### DATASET EXCERPTS

----------

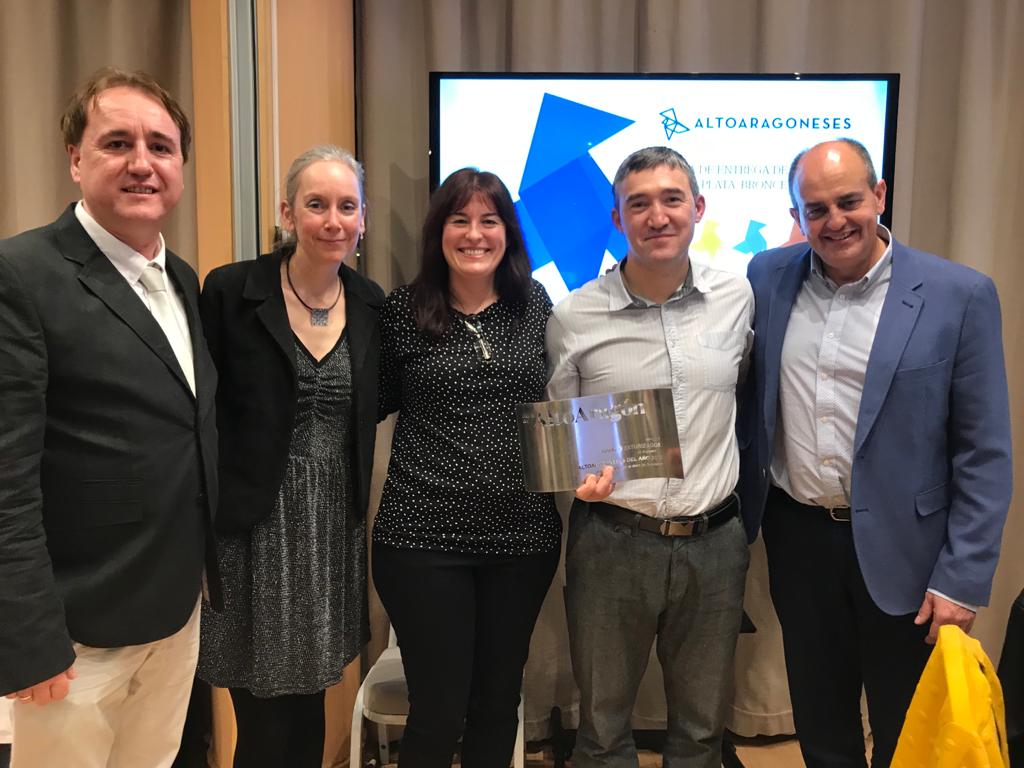 Gala 35 Altoaragoneses del Año 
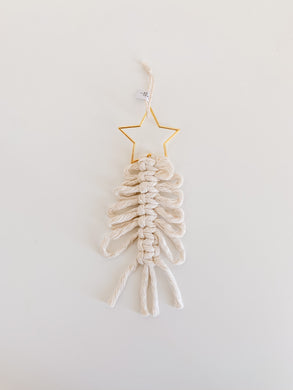 Macrame Tree Ornament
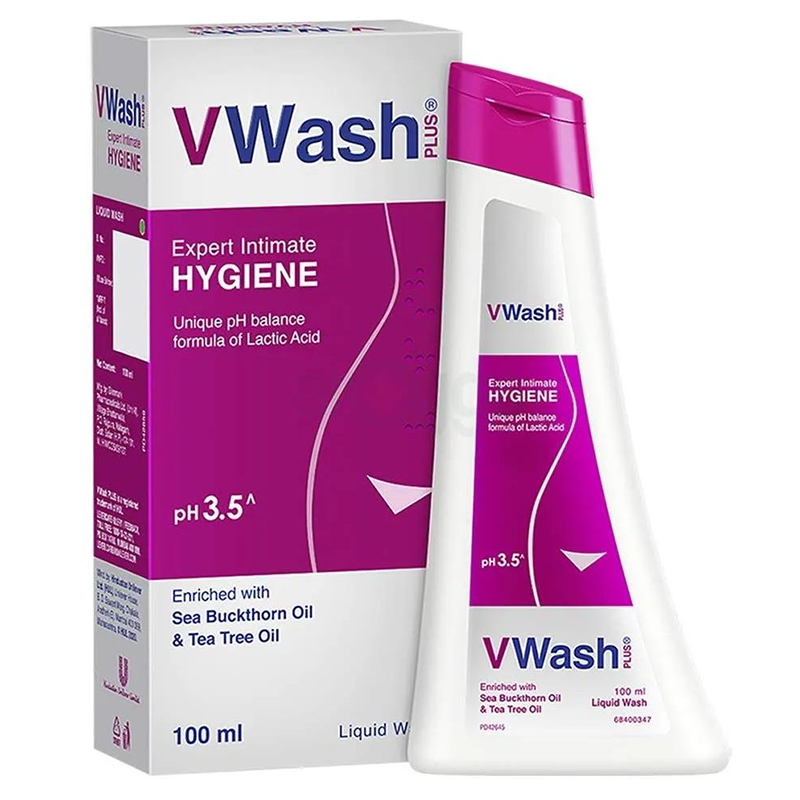 Picture of VWash Expert Intimate Hygiene For Women-100 ml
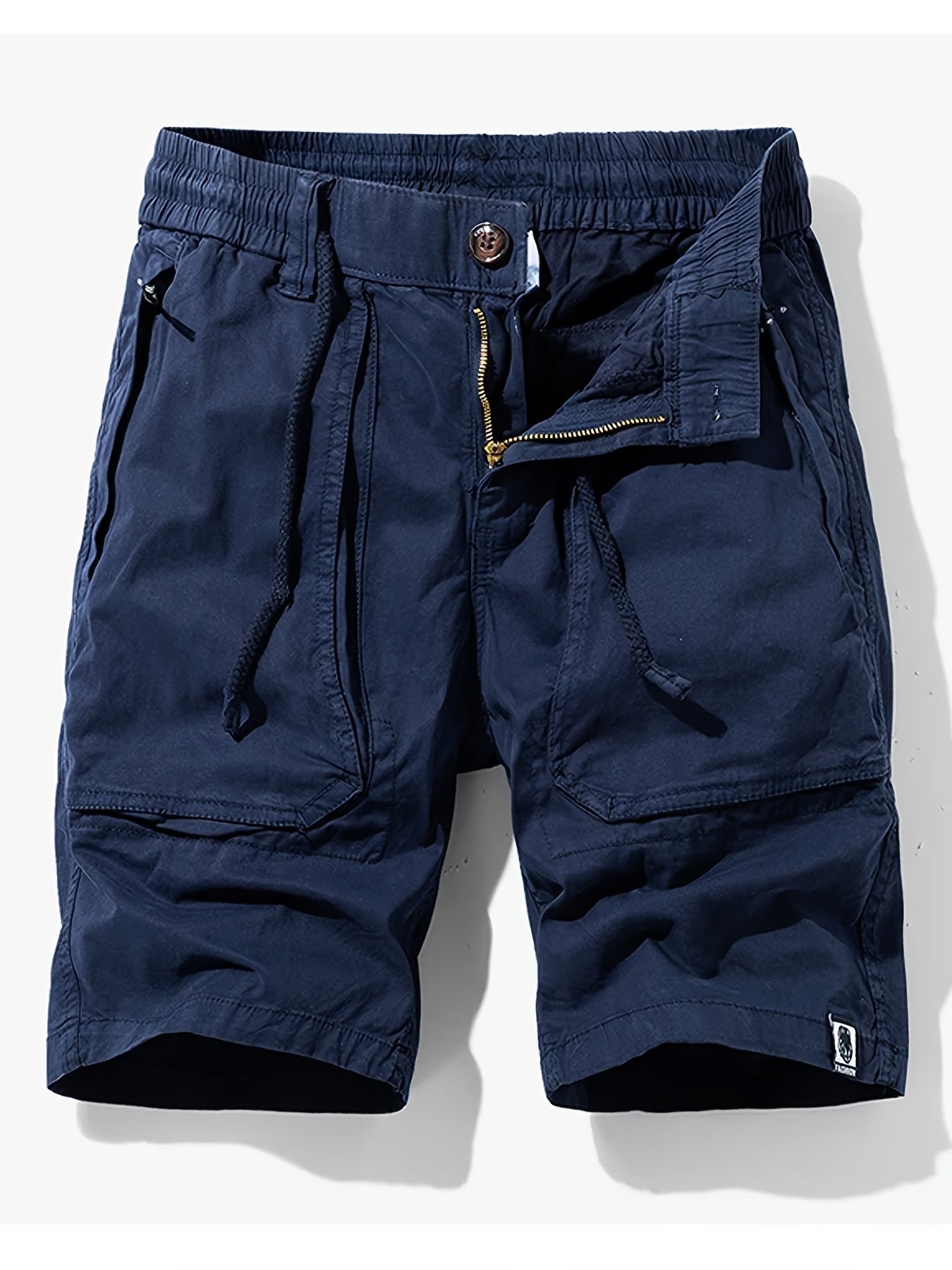 Lenoir™ | Pantalon court en coton premium avec poches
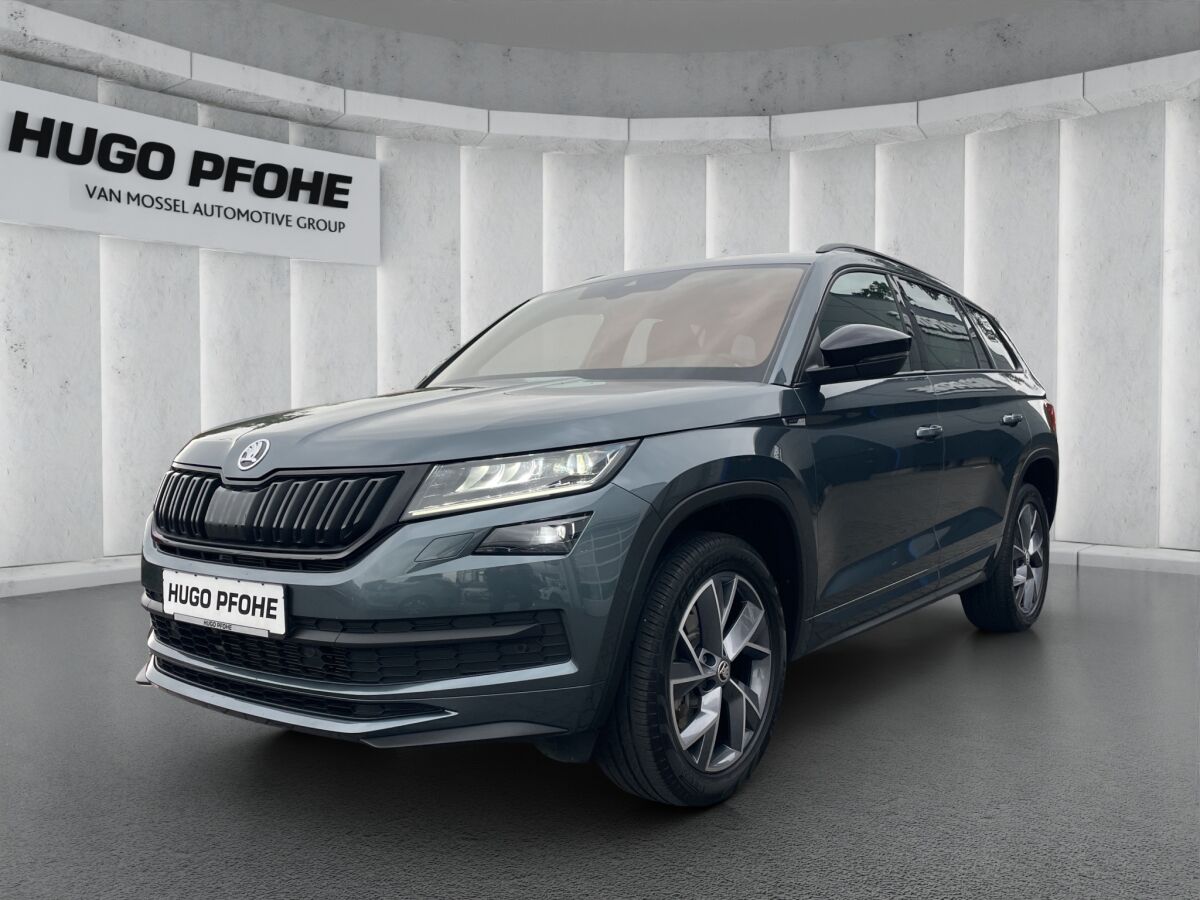 Skoda Kodiaq Sportline 2.0 TDI DSG 4x4 7-SITZ AHK LED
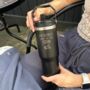Silently Correcting Your Form Gym Water Bottle, thumbnail 1 of 3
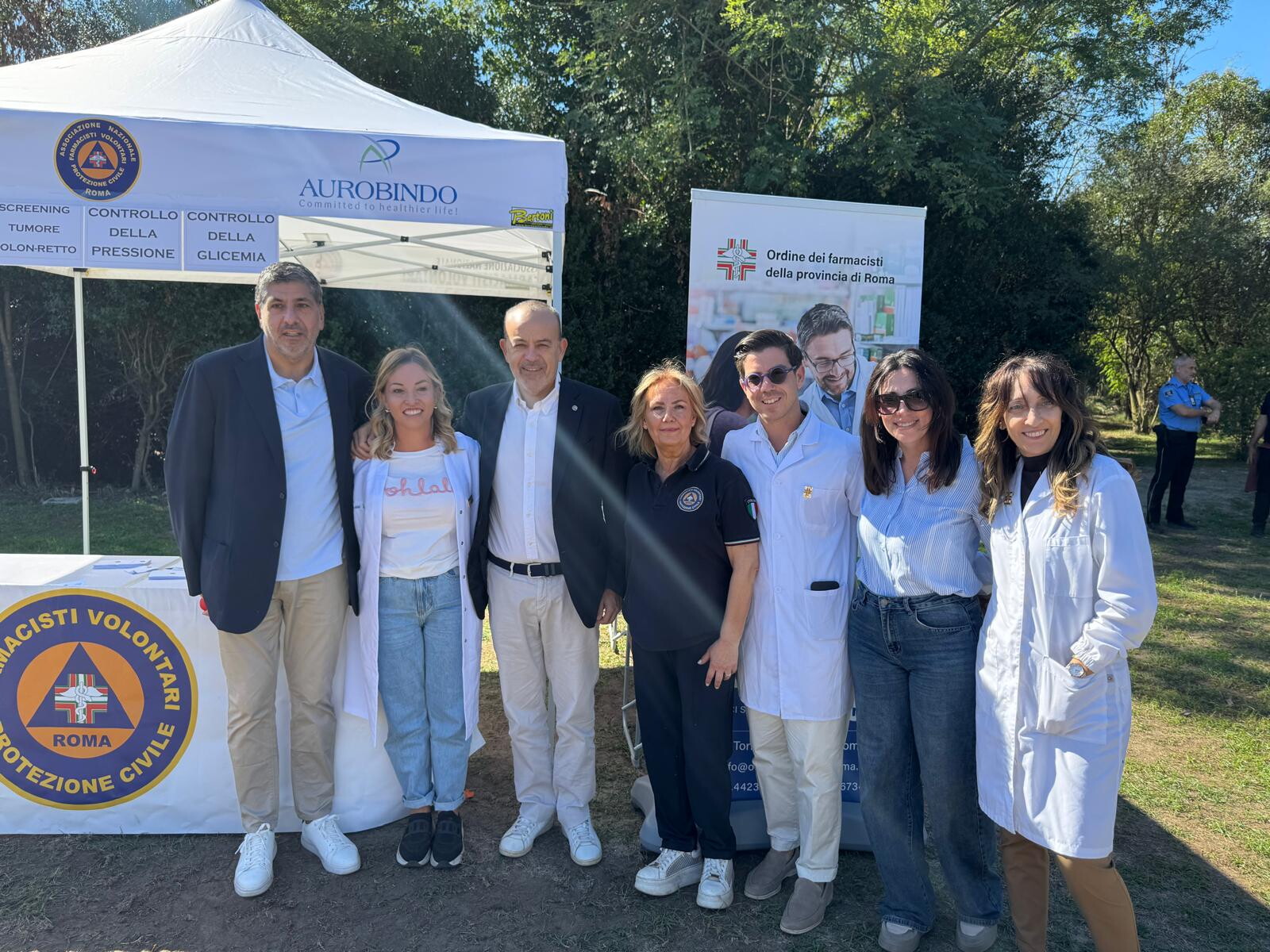 Sport, salute e prevenzione: il Parco della Pace si trasforma in un villaggio a cielo aperto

----------

### WHAT YOU ARE ASKED TO DO
Omitting all pictures, restate exactly the lines of the material from its start through the line that contains "Silently Correcting Your".

### RESPONSE
 Gala 35 Altoaragoneses del Año 
 Macrame Tree Ornament
 Picture of VWash Expert Intimate Hygiene For Women-100 ml
 Lenoir™ | Pantalon court en coton premium avec poches
 Skoda Kodiaq Sportline 2.0 TDI DSG 4x4 7-SITZ AHK LED
Silently Correcting Your Form Gym Water Bottle, thumbnail 1 of 3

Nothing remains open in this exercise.